Did Jeff Bezos have a lover, a girlfriend, an extramarital affair or a mistress? What about El Chapo? Both stories in recent months generated a renewed use of the term mistress as a shorthand for a married man’s girlfriend.
This word is sexist. It lacks a male equivalent, and reduces women to their sexual relationship with men — and it’s increasingly creeping back into our language. I blame Twitter, which creates a premium on punchy words that can convey complicated ideas.
In that sense, mistress is a convenient term. It implies sex, lies and secrecy and it rolls off the tongue. It works in this NBC News headline and more recently when AOL reported, “Jeff Bezos and rumored mistress Lauren Sanchez are still ‘deeply in love,’ but they’ve allegedly agreed to stay physically apart until both of their respective divorces are finalized.”
Even the Associated Press has struggled with the Bezos story. The AP routinely referred to Sanchez as Bezos’ mistress in the first week of reporting on the story, Standards Editor John Daniszewski told me.
The Associated Press Style Book offers this advice:
Mistress – A woman who has a long-term sexual relationship with, and is financially supported by, a man who is married to someone else. When a relationship is not long-term or does not involve financial support, do not use mistress; terms like companion, friend or lover may apply. Whenever possible, phrasing that acknowledges both people in the relationship is preferred: “The two were romantically (or sexually) involved.”
“In discussion with our Washington bureau on Feb. 12, we agreed that Bezos’s relationship with Sanchez did not fit with this definition and we switched to calling them romantically involved,” Daniszewski said. “The feeling among the editors is that the word ‘mistress’ is largely archaic and tends to be sexist in its assumptions.”
Precisely. Mistress carries both sexist and moral assumptions. There is no true male equivalent.
Since that memo went out the AP has slipped up twice, calling Sanchez a mistress, he said. That just goes to show how entrenched we are in reducing women to their sexual relationships with men.

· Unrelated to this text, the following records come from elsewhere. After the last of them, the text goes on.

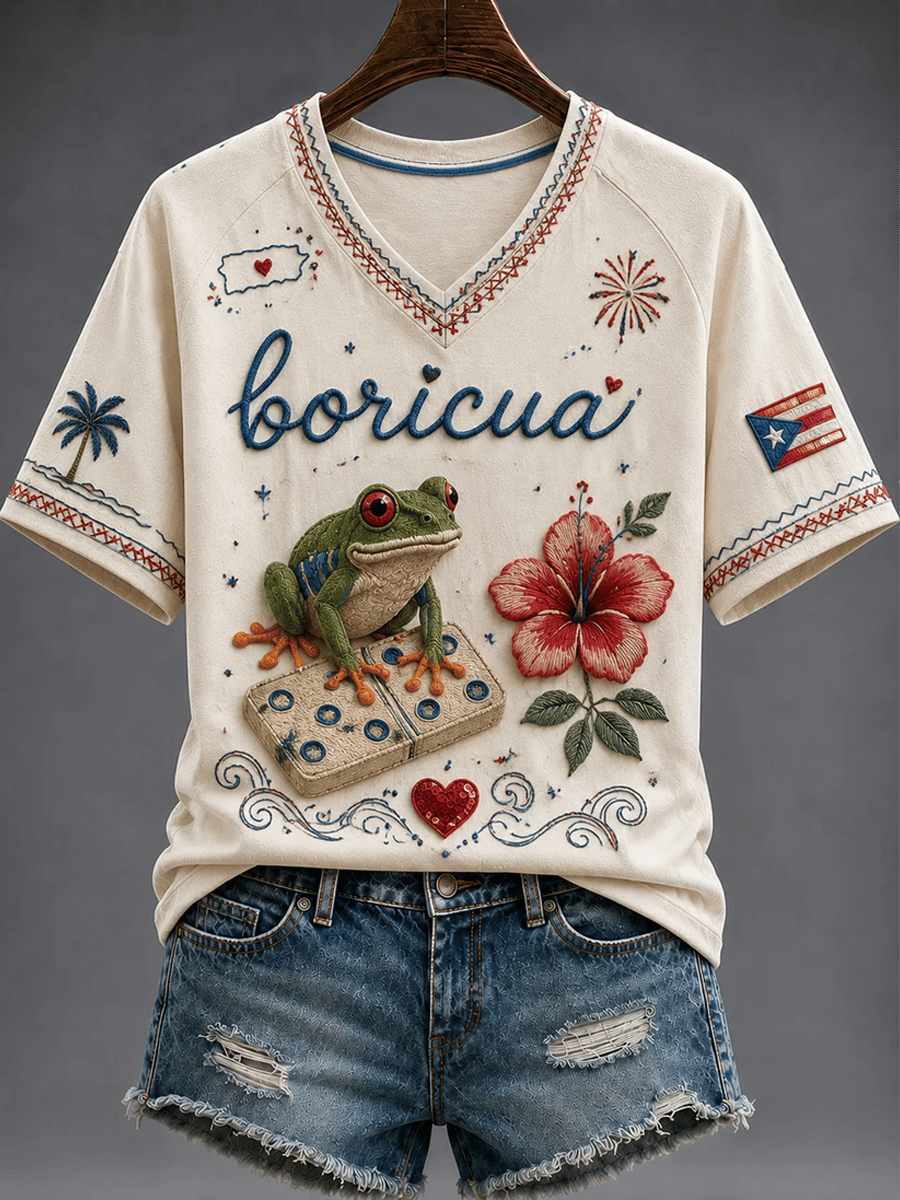 Women's Puerto Rico Printed round neck short sleeve T-shirt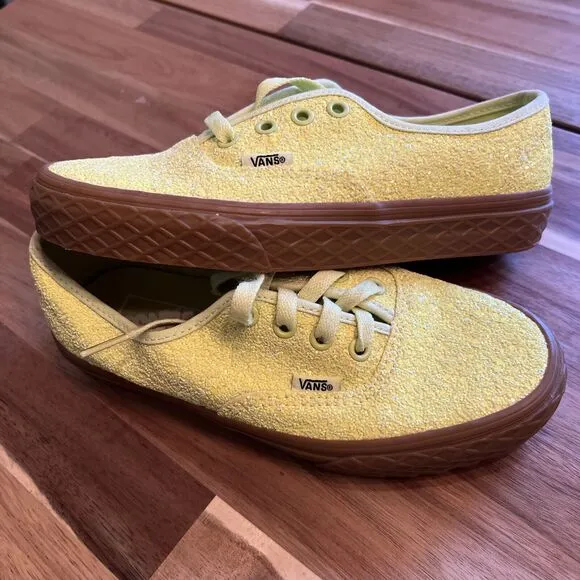 Vans Authentic Ice Cream Glitter‎ Yellow Women's 6.5 Skate Shoes New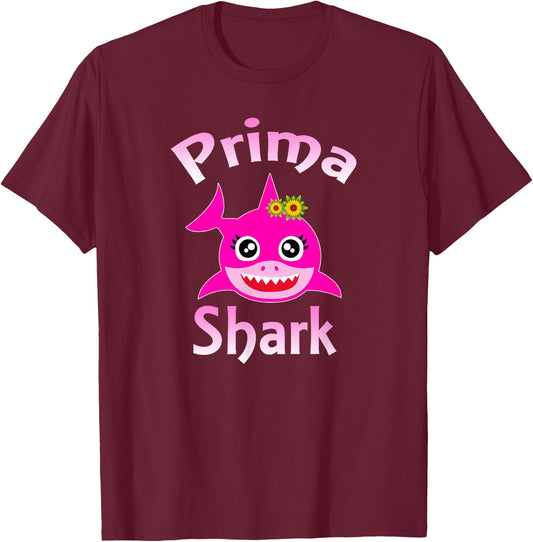 Prima Shark Funny Spanish Girl Cousin Gift T-Shirt - T-Shirt | Maroon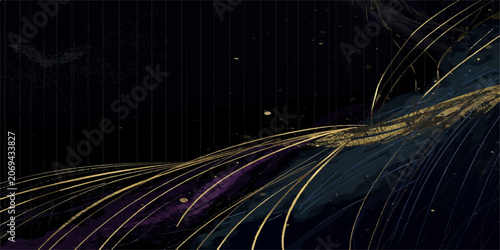 Foto Abstract night city highway traffic lights with motion blur, urban cars speeding
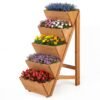 5-tier Vertical Raised Garden Bed Wood Elevated Planter Box-Orange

For the same reason that the New York Times finally got rid of Miss and gave women the option between Ms. and Mrs. as courtesy titles (at the late date of 1986!) we in journalism need to stop using the word mistress.
That means even getting rid of the AP definition. We don’t refer to men who have romantic affairs with married women as gigolos. In fact we can’t even say that word without giggling, because it’s so silly.
I put the question to my Twitter followers. They unanimously agreed that gendered words are problematic, and doubly so when they don’t have an equivalent. One Twitter friend, a man, suggested “lover” as the male equivalent. He was promptly educated.
We should probably stop using all words that are unnecessarily gendered. We’re coming at you blonde, actress, heroine, hostess and waitress.
Linguists tell us that gendered language definitively impacts how we think. Habits of speech inform our moral choices as a society. And while we certainly have it easier than the romance languages, which assign a gender to every noun, we know that language can and should change over time.
Mistress appeared to be waning. Is it a coincidence that we are seeing a resurgence at this moment where we are wrestling with our own inability to treat women equitably in the workplace?
It’s time to call out those who use the word in journalistic copy. At the very least it’s inaccurate, most of the time, according to AP style. More importantly, it’s sexist and demeaning. If you find yourself tempted to use it, find an alternative. And when you see it, call it out and ask that the word be swapped out for something neutral and less judgmental.